Indeed, the loss of CAF experience in the field since the early 2000s has carried a high price. The CAF, which once deployed in large numbers, now has little peacekeeping experience on which to base its contributions to UN peace operations or the proposed leadership in international peacekeeping training. The methods, standards, numbers, and doctrines of the UN have all evolved considerably over the past two decades, as the UN experienced two surges (see Figure 2), but Canada has not kept up.
As shown, modern peacekeeping operations require specialized training and preparation over and above the pre-deployment training given to military personnel for deployment as combatants. Like other Western countries seeking to reengage with UN peacekeeping, Canada is facing the challenge of preparing its armed forces for deployment after years of low-level engagement with the UN. Additionally, the minister of national defence has been asked to lead internationally in training for peace operations. So Canada will need extensive and modernized peacekeeping training programs to ensure that its armed forces are fully equipped to accomplish these tasks and help train others. In reality, the trend among most of Canada’s military institutions has been towards less peacekeeping training.
Despite the prevailing trend, the RMC, which teaches both officer cadets and graduate students, has managed to maintain roughly the same level of peacekeeping courses since 2000, though it no longer co-sponsors peacekeeping summer institutes. The Canadian Army Command and Staff College, which provides the Army Operations Course to soldiers of the captain rank, currently provides much less preparation for involvement in UN peace operations than it did in 2005, though in 2017 it began redeveloping UN-related content for its curriculum.
The Canadian Forces College in Toronto provides joint education for the future leaders in the officer corps in Canada and selected other nations. Its activities (lectures and exercises) relating to peacekeeping have been reduced to less than half of what they were in 2005. The JCSP went from seven lectures and two discussions on peacekeeping in 2005 to two lectures in 2017/2018, one of which was given only to one stream (roughly one third of the students). At the higher (national security) level, the case studies and exercises on peacekeeping were dropped. However, the higher-ranked students (mostly colonels and navy captains) continue to make a useful trip to New York City for lectures from UN and diplomatic leaders, though this is diluted because of visits to other New York sites (e.g., Wall Street and the NY Stock Exchange). The CFC once had an exercise where students actually role-played as peacekeepers planning an operation; some current exercises simulate an alliance that provides offensive military capability to back a PSO, but as with the Army Operations Course, the role-playing is for NATO-like structures and not the UN.

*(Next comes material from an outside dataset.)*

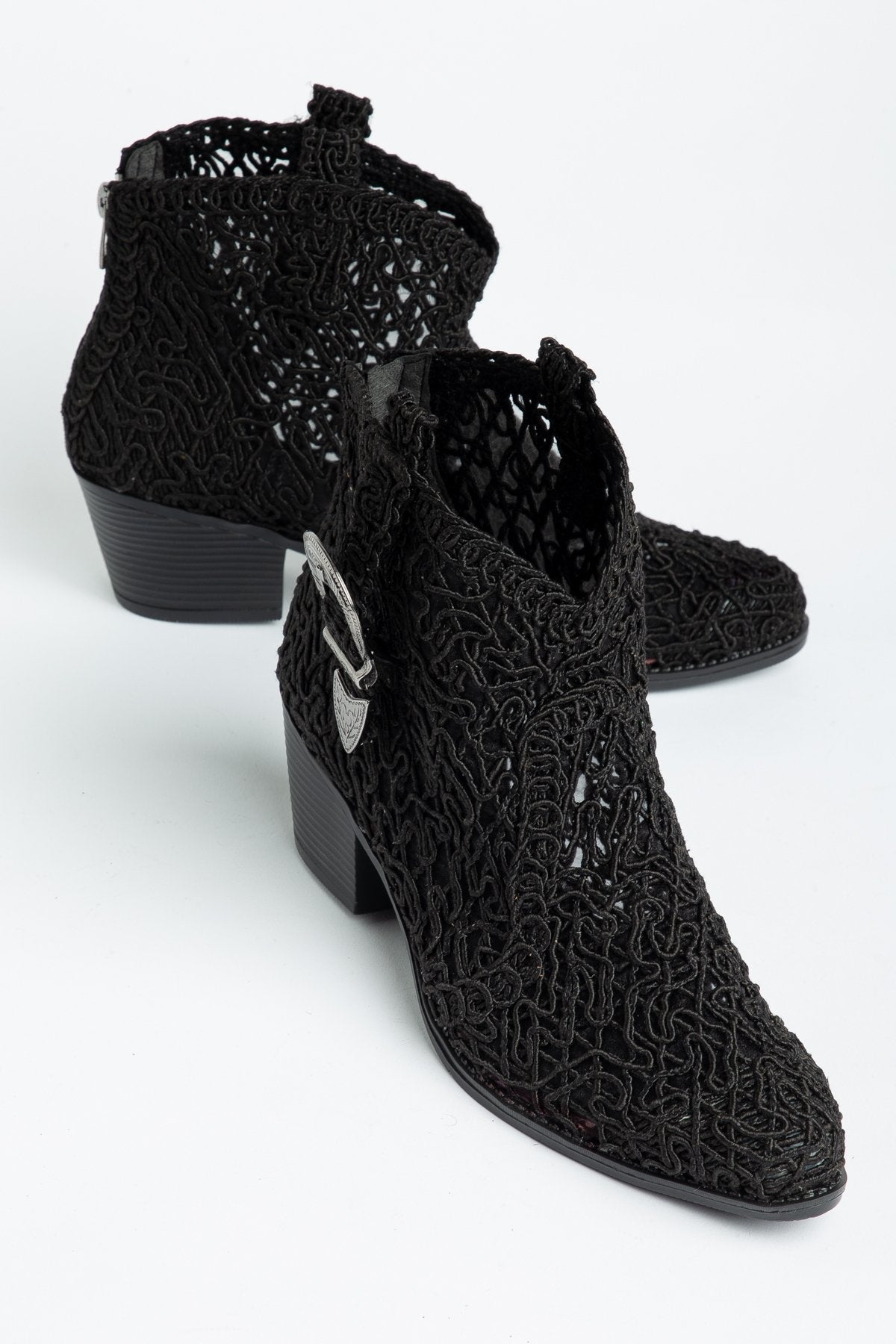 Luftige Sommer-Cowboy Boots für Damen – Häkel Ankle Boots mit Schnalle für Hochzeit, Alltag & heiße Tage - Ms Sucra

The PSTC in Kingston was established in 1996 to focus on peace support operations, but over the last decade it has lost that focus. Under the demands of the Afghanistan operation, it shifted to training and preparation for NATO-style interventions. With the exception of the UNMEM course (formerly UN military observer and liaison course), it does not offer any UN-centred courses among its ten courses. Still, material in the other courses can be useful to peacekeepers, and peace operations content will likely increase. In review, the PSTC offers less than a quarter of what it did in 2005 on peace operations.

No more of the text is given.